Пока конт одевался, друида рассказала новости.
– Дочь твоя дурная сбежала в свою веску на следующий день после того, как ее привезли, но мать привела девочку назад. Весчанка просила, чтобы простил глупую девчонку, которая не понимает своего счастья, что бы тебе ни говорили. Ваську пока поселили в комнате Тура, служанку к ней приставили из рабынь. Ревет, дуреха, все время. Совсем дикая. Рыжая кобыла ожеребилась. Конька родила. Симпатичного и здорового. Еще – рабыня брюхата. Прятали ее до сих пор от тебя, боятся все еще. Помнят, как ты приказал матери удавить своего ребенка. Прости. Знаю, что это был не ты. Но теперь спрятать рабыню не удастся, рожать ей на днях. Тоже ревет с утра до ночи, поговорил бы ты с ней, конт. Девка-то хорошая, работящая, красивая. Вот думаю, не ты ли ее обрюхатил? Саника учится. Спина у него подзажила, толковый мужик, может, в мужья взять? А, конт, что скажешь?

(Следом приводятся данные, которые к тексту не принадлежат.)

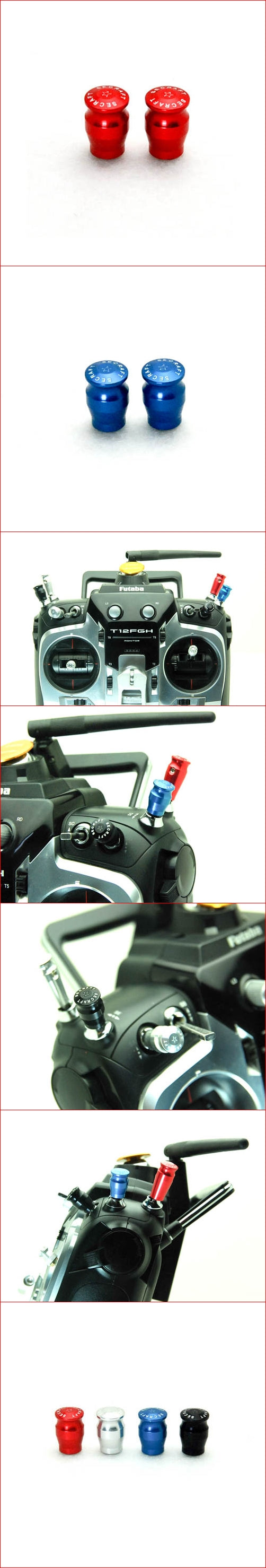 Secraft Transmitter Switch Cap Medium Red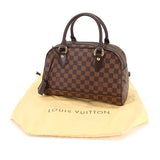 Louis Vuitton Damier Duomo Hand Bag Ebene Gold Metal Fittings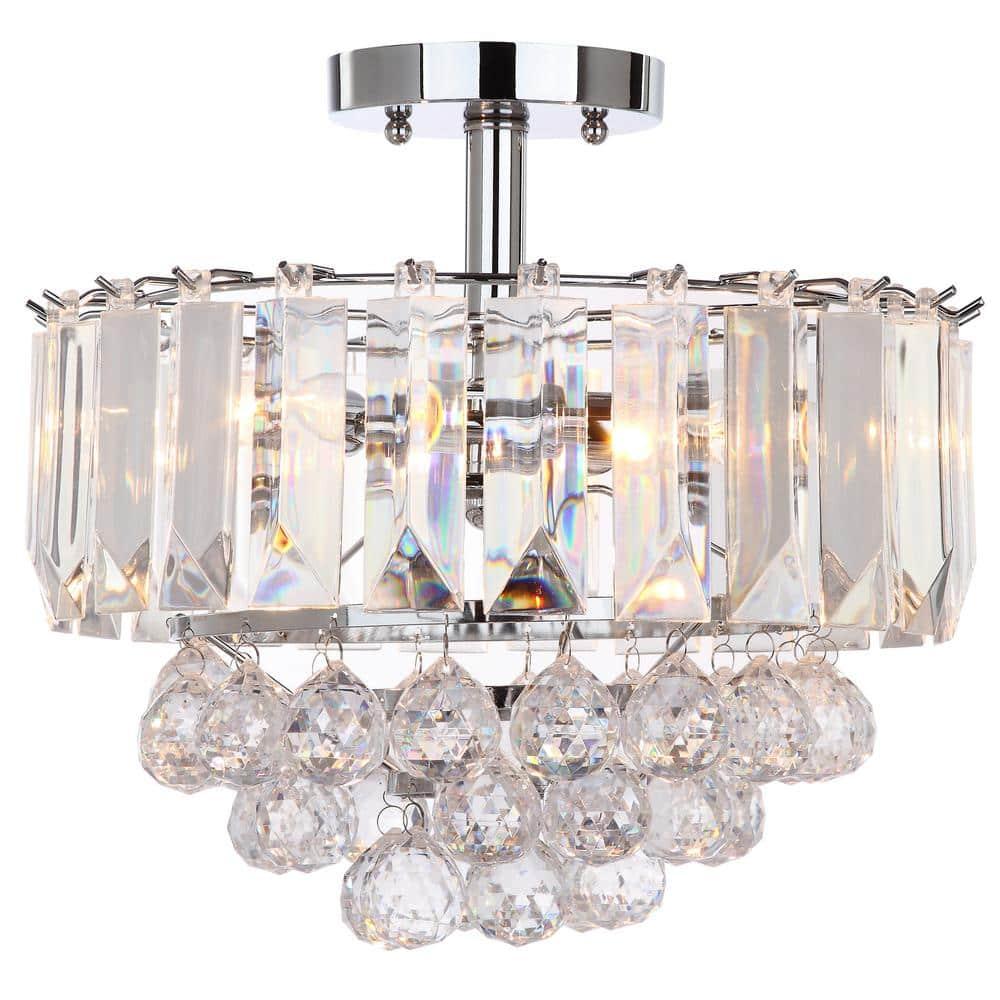 Vaxcel Ceiling Lamp - LIT4486 - Chrome - Safavieh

Виктория усмехнулась: можно подумать, друиде нужно одобрение конта.
– Что с Оликой? Насмерть забили?
– Светика не дала. Хотя первая в волосы ей вцепилась. Да только, когда камни в ход пошли, встала на защиту. Сказала, что ты не одобришь самосуда. Будет из девки толк. Только смотри, конт, не испорти ей жизнь.
– Даже в мыслях не было, – возмутился Алан, поворачиваясь к друиде, чтобы она помогла зашнуровать рубаху.
– Она же по тебе сохнет, а любовь – штука коварная, конт. Горит у девок от любви и свербит в одном месте. Гляди. И что бабы в тебе находят? Худющий, один нос торчит! – Ворожея завязала тесемки и повязала на талии мужчины пояс владетеля.
– Я обаятельный. Но спасибо, что предупредила. Я думал, она в Берта влюблена. Пошли, ворожея, Олику судить будем.